Could this be a bug in the new forcedeth driver ?

Regards

----------

## Deathwing00

I use the same driver (forcedeth) with kernels 2.6.11 r4/r5/r6 and it works perfectly here, dhcp and all that. No problems at all.

----------

## HS

Same problem here after upgrading from gentoo-sources-2.6.9-gentoo-r14 to gentoo-sources-2.6.11-r6.

My mobo is MSI K8N Neo4 Platinum. I'm using amd64 arch.

I've also found these posts with same problem:

https://forums.gentoo.org/viewtopic-t-318214.html

https://forums.gentoo.org/viewtopic-t-310223.html

----------

## Deathwing00

 *HS wrote:*   

> Same problem here after upgrading from gentoo-sources-2.6.9-gentoo-r14 to gentoo-sources-2.6.11-r6.
> 
> My mobo is MSI K8N Neo4 Platinum. I'm using amd64 arch.
> 
> I've also found these posts with same problem:
> ...

 

 *elektrohirn wrote:*   

> Ok, "solved" it. A Google searche helped Smile Seems to be a little HW problem on nForce4, somehow the NIC does not get resetted correctly even if you reboot, so you have to completeley power off to make it work again. I hope a BIOS update will fix this!
> 
> Tom
> 
> 

 

----------

## HS

I'll try to switch back to 2.6.9-gentoo-r14 to be sure that it does not occured with this kernel.

----------

## HS

 *HS wrote:*   

> I'll try to switch back to 2.6.9-gentoo-r14 to be sure that it does not occured with this kernel.

 

No problems with 2.6.9.

----------

## HS

I fill bugreport about this (https://bugs.gentoo.org/show_bug.cgi?id=90069).

----------

## gerpc

I've the mobo GA-K8NXP-SLI. Same problem. I will probe this.

But, anyway, anyone knows if there is a bios update or something like that to make a real solution of the problem???

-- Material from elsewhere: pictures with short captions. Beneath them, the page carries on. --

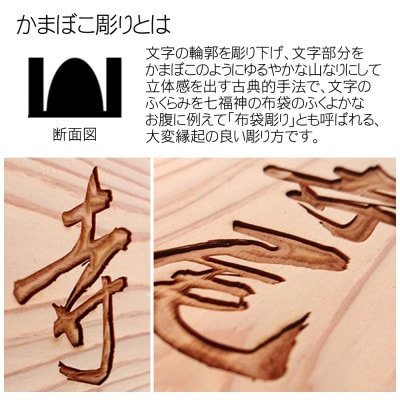 木製自筆かまぼこ彫り表札(長方形)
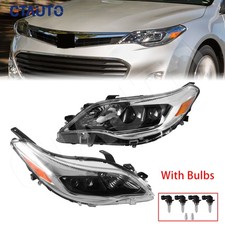 Headlights w/ Bulbs For 2013-2015 Toyota Avalon Left & Right Side Halogen Black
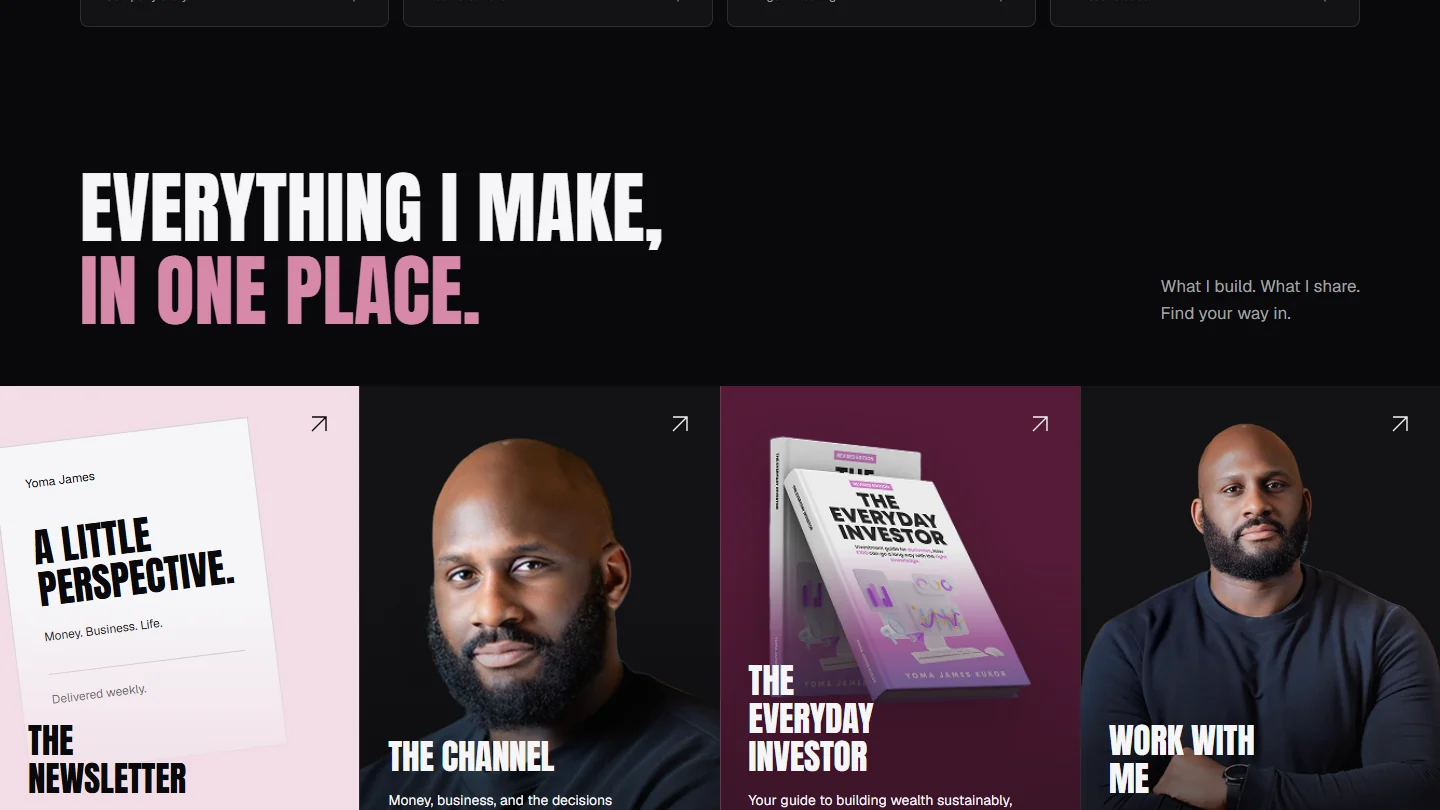 Book, video, newsletter, and collaboration links bring Yoma’s public work together in one place.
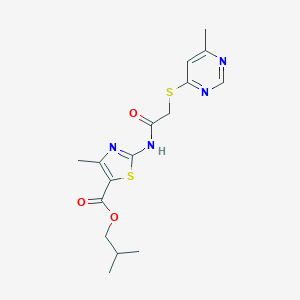 molecular formula C16H20N4O3S2 B256166 Isobutyl 4-methyl-2-({[(6-methyl-4-pyrimidinyl)sulfanyl]acetyl}amino)-1,3-thiazole-5-carboxylate 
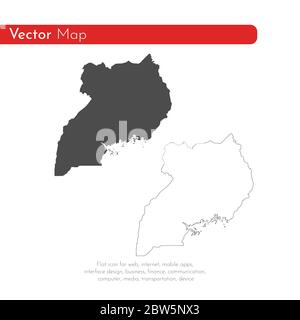 Mappa vettoriale Uganda. Illustrazione vettoriale isolata. Nero su sfondo bianco. Illustrazione EPS 10. Illustrazione Vettoriale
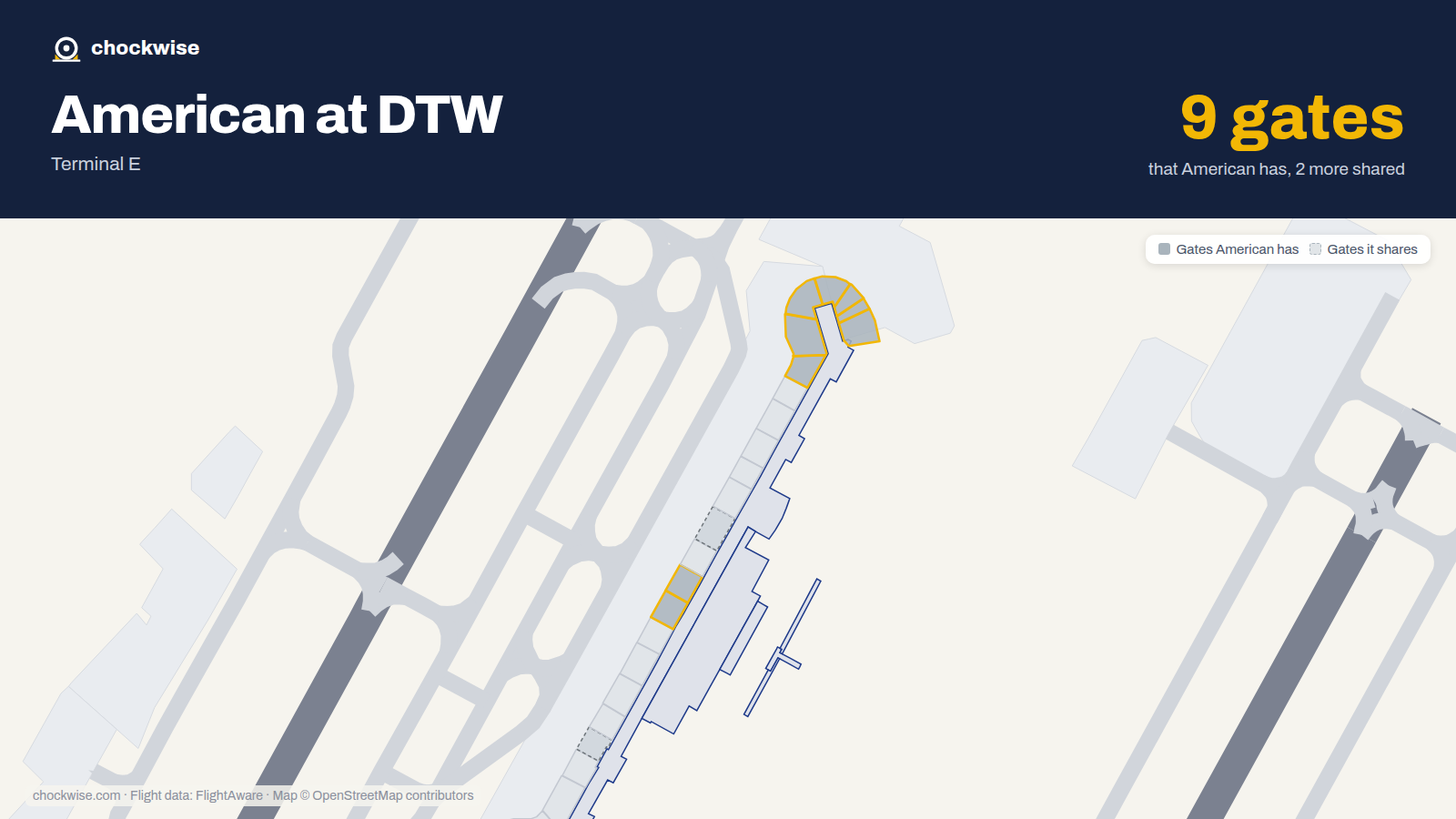 Map of DTW with the gates American Airlines uses highlighted: D16, D17, D26, D27, D28, D29, D30, D31 and 1 more.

I'll post an issue in Gigabyte tonight, but I can't post one in nvidia. 

Thanks guys!

----------

## ZiffyWombat

I believe this is a bug in the forcedeth module.

Have you tried nvidias nic driver yet?

http://www.nvidia.com/object/unix.html

Normally it wont build but apply this patch and it will:

https://forums.gentoo.org/viewtopic-t-340879-highlight-nvstoptx.html

----------